Amputations bring large fines in GA and DE

Two food processing companies face major fines from the federal Occupational Safety and Health Administration (OSHA) for failing to protect workers from equipment that led to amputations.

An Atlanta-based poultry processor will pay $608,000 in penalties, negotiated down from the originally proposed fine of $1.3 million following a series of accidents that caused three workers to suffer amputations. Cagle’s is being cited for numerous willful and serious violations at its Macon, GA, facility. An employee lost part of a finger while cleaning moving equipment in 1996, and two other workers lost a finger and a foot in 1995. All of the accidents were traced to violations of the lockout/tagout regulation.

Cagle’s employs 900 workers at the Macon plant and has about 3,550 employees nationwide.

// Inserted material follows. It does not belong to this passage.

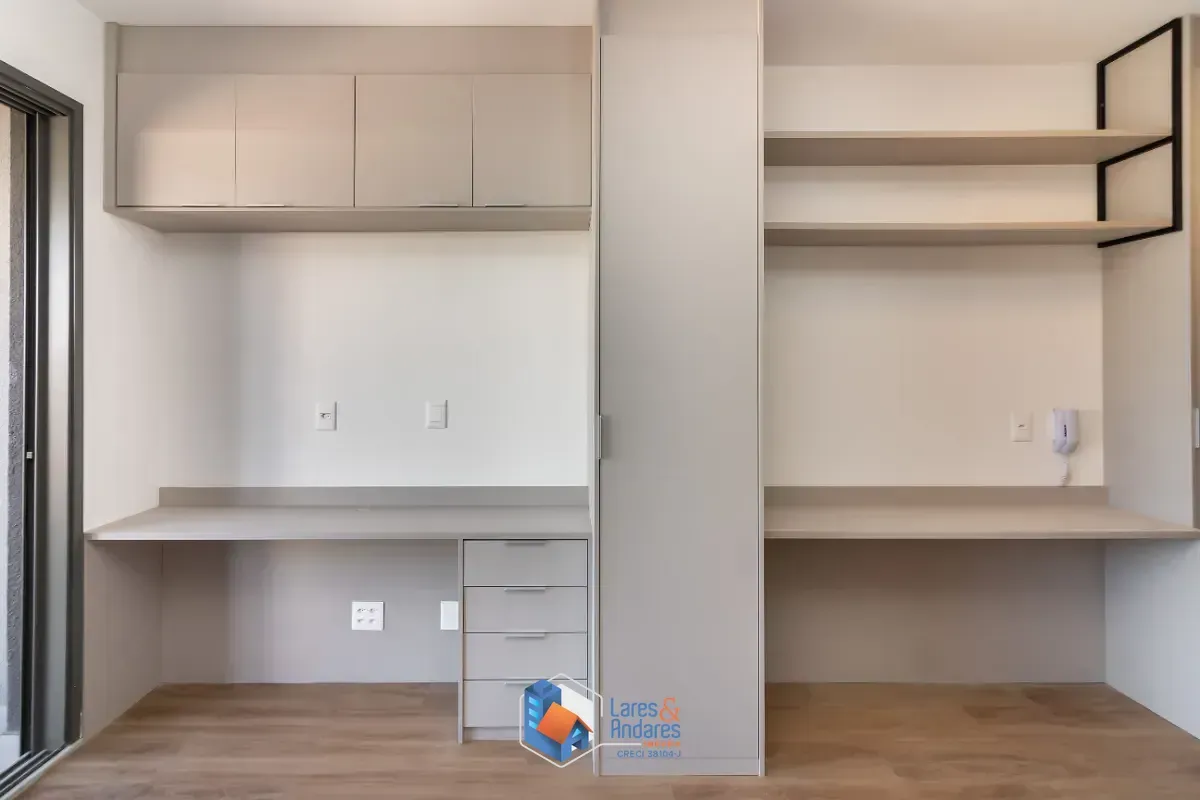 Imagem Apartamento para venda em Vila Clementino com 1 quarto, 26m²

The company produces deboned chicken and chicken parts.

A report by OSHA claims Cagle’s managers knew of the hazards posed by workers servicing machinery that had not been locked out and that they failed to respond to employee concerns. Originally, OSHA assessed a fine of $55,000 for each of 21 instances in which employees were assigned to clean machinery but were not trained to perform lockout and did not have locks to use. An additional $110,000 in fines was assessed because equipment was not locked out (even if the workers knew they should have) and for employees locking out for other employees. A fundamental part of the lockout/tagout rule is that employees must lock out for themselves.

The total fines were reduced from $1.3 million to $608,000 because Cagle’s agreed to implement a substantial hazard abatement program. Among other measures, Cagle’s agreed to begin a monthly inspection of lockout/tagout procedures, hire a full-time safety training coordinator at the Macon plant, and contract with a safety consultant who will provide guidance on lockout/tagout procedures.

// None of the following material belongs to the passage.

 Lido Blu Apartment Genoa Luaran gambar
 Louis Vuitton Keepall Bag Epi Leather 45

In the other case, a company in Clayton, DE, is facing a $498,000 fine for refusing to correct job safety hazards that led to two amputations in 1996.

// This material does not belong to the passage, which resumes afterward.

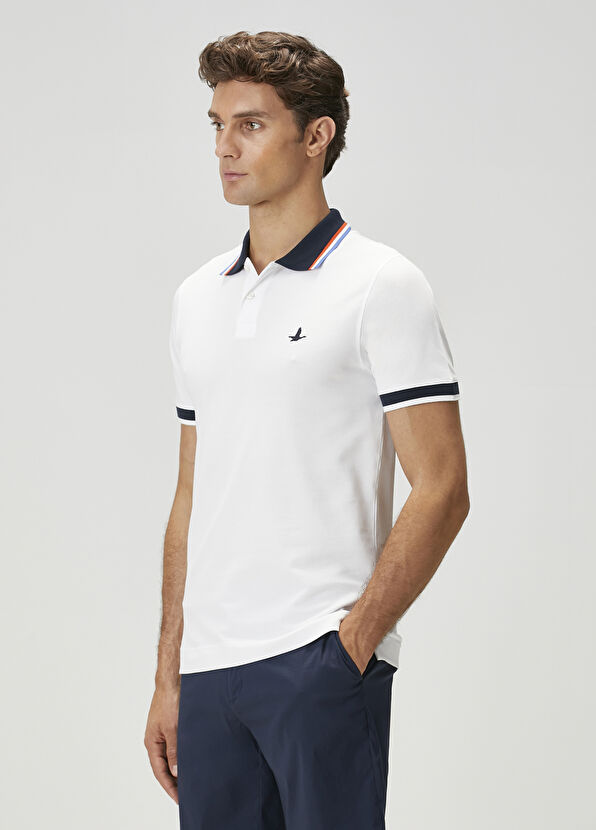 Beymen Club Beyaz Polo T-shirt - 4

With headquarters in Hanover, PA, Hanover Foods is a food manufacturer that prepares and packages frozen vegetables and dinner entrees. The company employs 4,000 workers nationwide and 400 people at the Clayton plant during busy production periods. Hanover Foods is being cited for more than 30 violations, including failure to properly safeguard machinery, failure to inspect and test safety relief valves, and failure to train employees in safety and health procedures.

OSHA cited the company for safety violations in 1994 and each year since. Two employees suffered amputations last year, prompting the agency to issue $174,000 in fines for hazards discovered in previous inspections and not corrected. The company also was fined $245,000 for six willful violations, $44,000 for 13 serious violations, and $46,500 for a repeat violation.

Like Cagle’s, Hanover Foods also can contest the proposed fines and bargain for a lower settlement.